Re: BUG #14938: ALTER TABLE hang/ poor performance

From

Tomas Vondra

Date:

02 December 2017, 00:30:33

On 12/01/2017 06:37 PM, Dipesh Kamdar wrote:
> #1    9.5.3 was released more than a year ago, you might be hitting one
> of the
> bugs fixed since then.
> 
>>>> Do you know any bug related ?
> 

No. Considering how little we know about the issue you're observing,
it's quite impossible to point to any particular bugfix.

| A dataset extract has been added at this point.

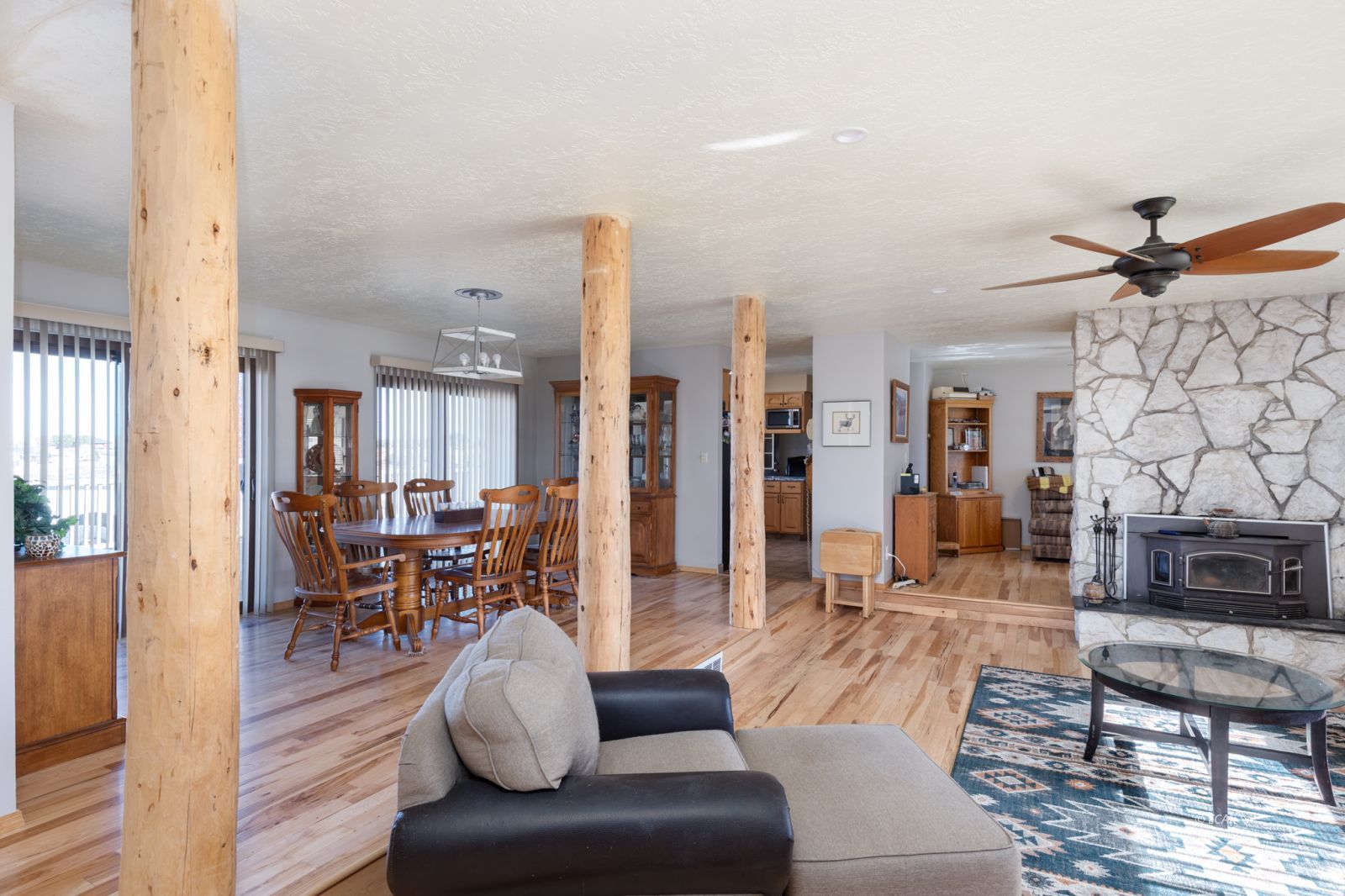 141 Country Club Parkway Property Photo 7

But it's a good practice to run current version, and it's rather
annoying to help people only to discover they've been hitting an issue
fixed ages ago. To the extent that it's likely discouraging people from
investigating the bug report.

> #2 What do you mean by deadlock?Moreover, autovacuum certainly should not
> deadlock with anything (certainly not with DELETE)
> 
>>>> Please take a look of SEQ
>    deleting  TAB1  data of    50K   ------   T1
>    autovacuum  check TAB1      -------  T2  ( Since delete is running
> skipping table )
>    delete completed    ---- T3
>     before starting next delete on same table autovacuum started on
> TAB1    ---- T4
>     DELETE statement is waiting for autovacuum to release lock.    
>     after some time later reported deadlock in log and killed DELETE
> process.
> 

DELETE acquires ROW EXCLUSIVE lock
VACUUM acquires SHARE UPDATE EXCLUSIVE lock

These two lock modes do not conflict with each other, i.e. VACUUM (or
autovacuum) will not wait for DELETE (and vice versa).

Perhaps you're running the DELETE in a transaction, and that transaction
has acquired other (stronger) locks? Those locks will be held until the
end of the transaction, but that has nothing to do with DELETE.

Show us what locks the two sessions hold.

> #3  I also don't quite understand why you do the delete in batches of 50k
> rows, to be honest
> 
>>> It is client facing application with close to 1.5 billion records and has multiple FK other and indexes removing
againmillions of record in single statement means 

>      putting entire online application on fire.
> 

OK, so you're using this to throttle the DELETE process.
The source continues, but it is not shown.